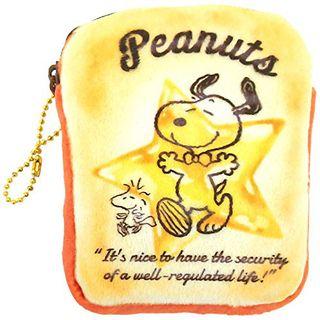 Snoopy Bread Shaped Mini Pouch (star)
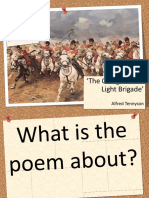 The Charge of The Light Brigade': Alfred Tennyson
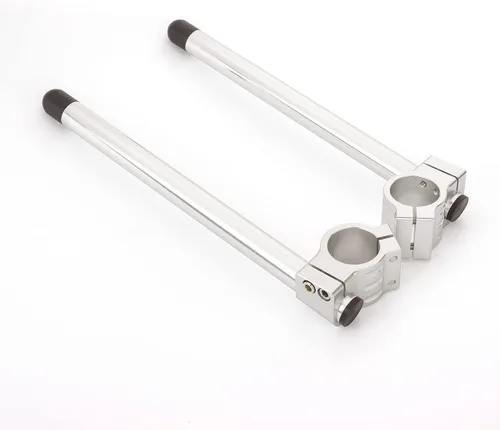 Miniatura 2 de 1.220 in motocicleta clip en manillar apto para tenedor tubo 1.220 in, 7/8" Street&Sport Bike Handlebar, 1.220 in Clip on barras CNC plata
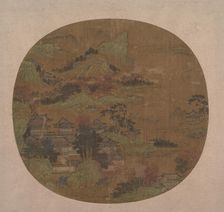 Palaces among Autumn Mountains. Creator: Unknown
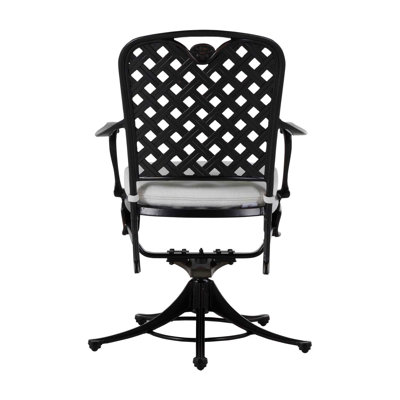 Outdoor Provance Rocking Metal Chair with Cushions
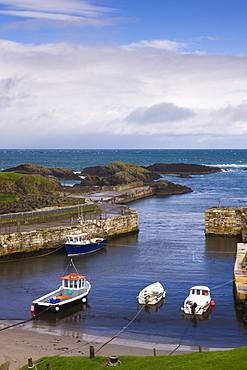 Ballintoy Harbour, Causeway Coast, County Antrim, Ulster, Northern Ireland, United Kingdom, Europe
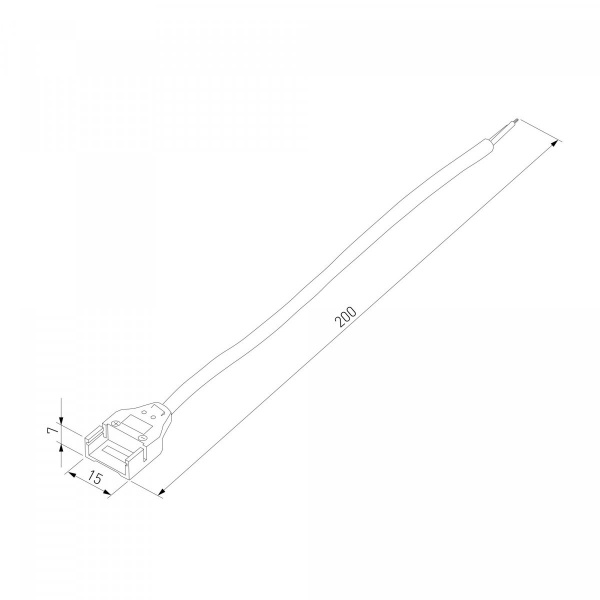 фото Коннектор для лент COB 24V 480Led 14W IP68 гибкий односторонний 95133/00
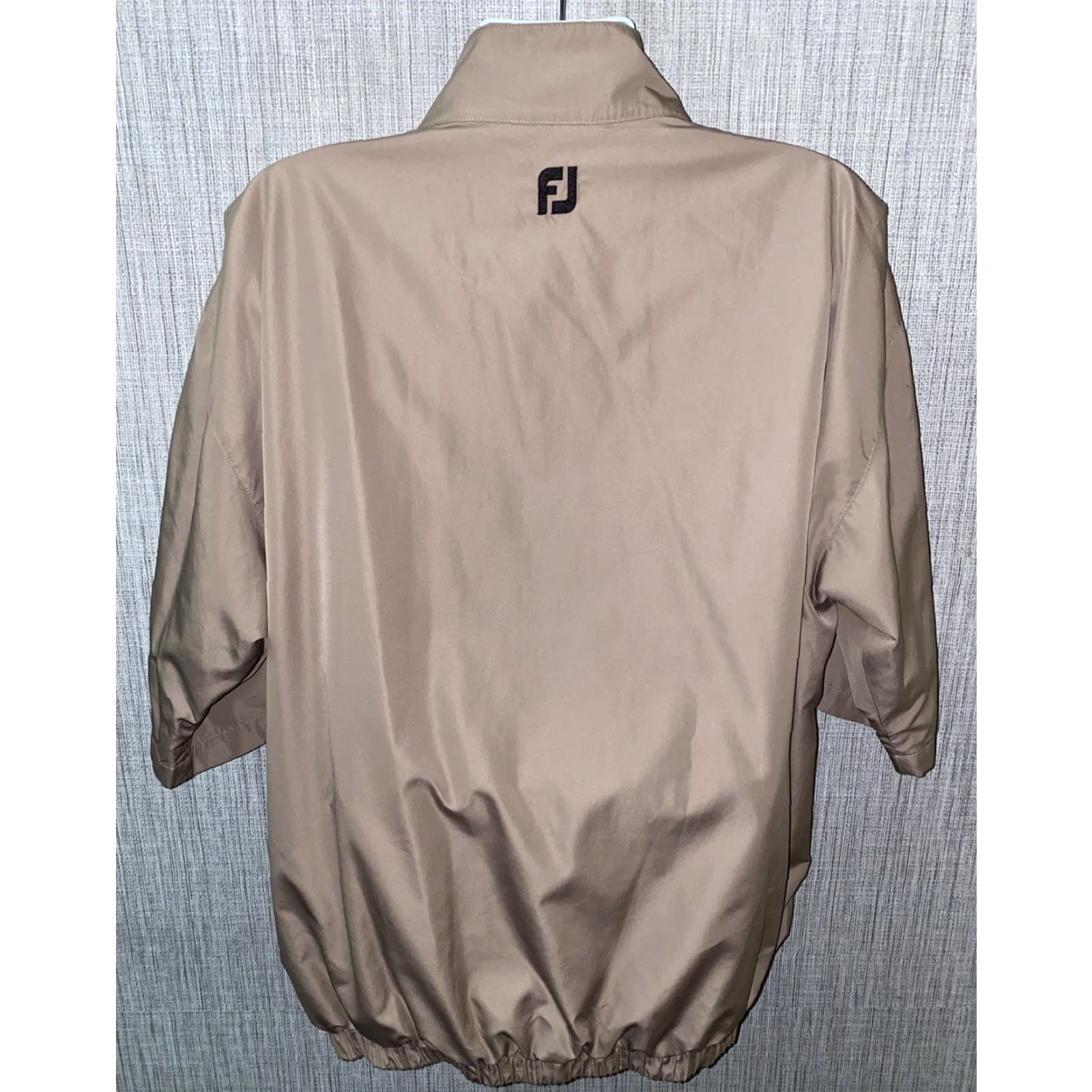 Footjoy FootJoy Jacket 1/2 Zip Golf Mens XL Beige Dryjoys Polyester Regular Size Type Size US XL / EU 56 / 4 - 4 Thumbnail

_____

■ **WHAT NEEDS TO BE DONE**
Leave out the pictures and return the rest of the records exactly.

■ **RESULT OF THE EXERCISE**
 Snoopy Bread Shaped Mini Pouch (star)
 The Charge of The Light Brigade': Alfred Tennyson
 Miniatura 2 de 1.220 in motocicleta clip en manillar apto para tenedor tubo 1.220 in, 7/8" Street&Sport Bike Handlebar, 1.220 in Clip on barras CNC plata
 Palaces among Autumn Mountains. Creator: Unknown
 Outdoor Provance Rocking Metal Chair with Cushions
 Ballintoy Harbour, Causeway Coast, County Antrim, Ulster, Northern Ireland, United Kingdom, Europe
 фото Коннектор для лент COB 24V 480Led 14W IP68 гибкий односторонний 95133/00
 Footjoy FootJoy Jacket 1/2 Zip Golf Mens XL Beige Dryjoys Polyester Regular Size Type Size US XL / EU 56 / 4 - 4 Thumbnail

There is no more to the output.